Rond het jaar 1745 poogden de Duitser Von Kleist en de Hollandse Pieter Van Musschenbroek te Leiden elk om water in een glazen fles te elektriseren. Een ondergedompelde ijzeren nagel die verbonden was met een elektrostatische machine deed dienst als elektrode. Foute handelingen waren uiteraard niet uit de lucht: bij ongewild aanraken van de nagel volgde een onaangename elektrische ontlading evenwel zonder erge gevolgen. Wanneer beide onderzoekers de fles in de hand hielden, leidde het aanraken van de nagel evenwel tot een veel heftiger ontlading. De assistent van Van Musschenbroek, Andreas Cuneus, verloor hierbij het bewustzijn en herstelde pas twee dagen later van het gebeuren!
Van Musschenbroek schreef daarop (in het Latijn) aan zijn vriend Réaumur : « Plotseling werd mijn rechterhand zo hard getroffen dat mijn hele lichaam trilde zoals bij een bliksemslag. (…) Kortom, ik had de indruk dat het uit mezelf kwam. » Klaarblijkelijk was de hoeveelheid opgeslagen elektrische lading in de combinatie hand-fles-water gigantisch veel groter dan die welke in de fles alleen was aangemaakt. Daarmee was de condensator geboren, een klein voorwerp dat toelaat een grote hoeveelheid elektrische lading op te slaan. Het volstaat twee geleidende platen van elkaar te scheiden middels een dunne isolerende laag, het diëlektricum.
Deze uitvinding waarvan de werking tijdens de 18e eeuw grotendeels onverklaard bleef, leidde tot een grote productie van Leidse flessen, een soort van vaten voor elektrische lading. Ze bestonden uit een glazen fles die stukken metaal bevatte en die van buiten omhuld was met een metalen film. Het bladgoud in de fles verving het water en de buitenfilm verving de hand van de onderzoeker.

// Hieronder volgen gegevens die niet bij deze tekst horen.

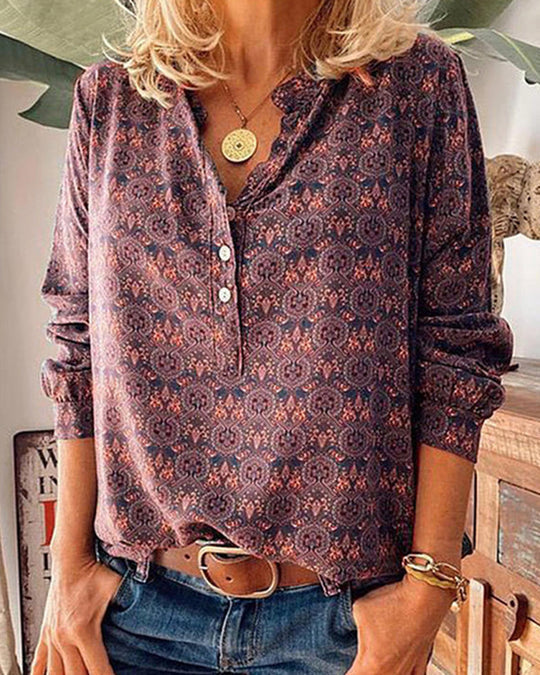 Long sleeve blouse with vintage print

Vandaag zien we condensatoren meestal in miniatuurvorm: twee fijne aluminiumfilms die gescheiden zijn door een isolator en die opgerold vervat zitten in een klein omhulsel. Deze elektronische componenten worden in elektronische schakelingen aangeduid met hun elektrische capaciteit. Een term die zonder twijfel terug verwijst naar de flessen uit de 18e eeuw.
De toepassingen van de condensator zijn heel divers: elektronische flitslichten op fotocamera’s, spanningsafvlakkers in gelijkrichters, versnellingsmeters in smartphones, aanraakschermen en elektronische horloges. Onlangs verschenen ook supercondensators met een zeer hoge capaciteit.